[Web page caption snippets]
####
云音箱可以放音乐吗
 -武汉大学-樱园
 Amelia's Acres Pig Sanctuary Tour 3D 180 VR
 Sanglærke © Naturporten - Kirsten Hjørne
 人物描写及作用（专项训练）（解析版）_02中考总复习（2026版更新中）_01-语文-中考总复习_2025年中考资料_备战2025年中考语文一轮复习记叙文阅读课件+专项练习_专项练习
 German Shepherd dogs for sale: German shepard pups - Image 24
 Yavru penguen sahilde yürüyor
####
### Action item
Please return the records above in their exact form.

### Response
云音箱可以放音乐吗
 -武汉大学-樱园
 Amelia's Acres Pig Sanctuary Tour 3D 180 VR
 Sanglærke © Naturporten - Kirsten Hjørne
 人物描写及作用（专项训练）（解析版）_02中考总复习（2026版更新中）_01-语文-中考总复习_2025年中考资料_备战2025年中考语文一轮复习记叙文阅读课件+专项练习_专项练习
 German Shepherd dogs for sale: German shepard pups - Image 24
 Yavru penguen sahilde yürüyor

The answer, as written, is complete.